(Juan 20, 1-9) Desde hace décadas se ha empeñado la cultura progre-capitalista en convencernos que nuestra vida, nuestro cuerpo, nuestro tiempo, nuestras capacidades son nuestras en propiedad privada, y que a nadie hemos de dar cuenta de lo que hacemos con nuestra vida, nuestro tiempo, nuestras capacidades o nuestro cuerpo. Se empeña en que confundamos libertad con independencia, desvinculación e individualismo. Y cuando convence a alguien lo hace profundamente infeliz.
Defendiendo su “intimidad” y “emancipación” va cortando la vinculación con vecinos y familiares, mantiene encuentros controlados y tasados que no tocan sus sentimientos ni colman su necesidad de afecto y donación.

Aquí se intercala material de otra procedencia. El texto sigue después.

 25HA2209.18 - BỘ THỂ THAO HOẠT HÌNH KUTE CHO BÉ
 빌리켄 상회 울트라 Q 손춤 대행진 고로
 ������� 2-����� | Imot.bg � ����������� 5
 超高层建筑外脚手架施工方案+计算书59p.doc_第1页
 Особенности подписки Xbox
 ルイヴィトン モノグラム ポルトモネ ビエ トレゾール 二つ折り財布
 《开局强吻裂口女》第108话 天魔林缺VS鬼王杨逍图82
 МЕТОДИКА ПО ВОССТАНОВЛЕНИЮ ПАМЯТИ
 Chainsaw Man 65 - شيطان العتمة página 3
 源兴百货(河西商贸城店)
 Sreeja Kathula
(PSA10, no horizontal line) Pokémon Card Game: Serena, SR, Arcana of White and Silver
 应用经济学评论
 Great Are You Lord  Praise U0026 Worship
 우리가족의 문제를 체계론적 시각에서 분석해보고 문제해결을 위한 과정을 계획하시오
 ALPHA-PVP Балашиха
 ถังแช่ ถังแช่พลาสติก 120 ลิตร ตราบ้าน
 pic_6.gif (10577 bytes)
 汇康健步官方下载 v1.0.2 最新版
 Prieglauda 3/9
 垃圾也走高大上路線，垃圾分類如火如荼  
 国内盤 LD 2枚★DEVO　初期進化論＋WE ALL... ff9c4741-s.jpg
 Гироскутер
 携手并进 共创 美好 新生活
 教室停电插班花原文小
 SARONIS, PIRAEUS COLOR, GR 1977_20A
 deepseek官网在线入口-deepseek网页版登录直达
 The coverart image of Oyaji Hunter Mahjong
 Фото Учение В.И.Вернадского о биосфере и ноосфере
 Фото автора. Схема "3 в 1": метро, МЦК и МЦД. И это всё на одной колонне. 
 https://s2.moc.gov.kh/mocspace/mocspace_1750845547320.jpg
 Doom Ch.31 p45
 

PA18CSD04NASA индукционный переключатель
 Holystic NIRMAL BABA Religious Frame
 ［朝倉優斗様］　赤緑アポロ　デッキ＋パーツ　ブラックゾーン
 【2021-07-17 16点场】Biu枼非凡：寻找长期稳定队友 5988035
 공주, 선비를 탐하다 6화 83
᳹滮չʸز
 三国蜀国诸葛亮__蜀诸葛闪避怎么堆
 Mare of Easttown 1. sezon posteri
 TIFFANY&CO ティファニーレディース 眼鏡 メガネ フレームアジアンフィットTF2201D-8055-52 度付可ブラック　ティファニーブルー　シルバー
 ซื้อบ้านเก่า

La resurrección de Cristo es una experiencia vivida desde la profunda comunión de los discípulos: los que descubren a Cristo resucitado se saben enviados a compartir con los otros discípulos la gran noticia; compartiendo el pan se saben comunitariamente fundados en la vida del Maestro; reciben una paz y una alegría que los hacen vivir profundamente reconciliados; quien no comparte la oración comunitaria no puede descubrir la fuente de vida nueva que trae el Resucitado.
La plenitud íntima y la paz profunda que se nos ofrece en las experiencias sencillas de sentirnos familia, de vivir en comunión, de sabernos pueblo, son un anticipo de la experiencia radical de sabernos mutuamente fundados en la resurrección de Cristo. Jesús de Nazaret, al resucitar, ya es para nosotros Jesucristo; la vida verdadera es vida compartida, vida en comunión, vida que no pertenece, que te regalan para que la ofrezcas.
En tu mano está acoger la vida en comunión sencilla de fe.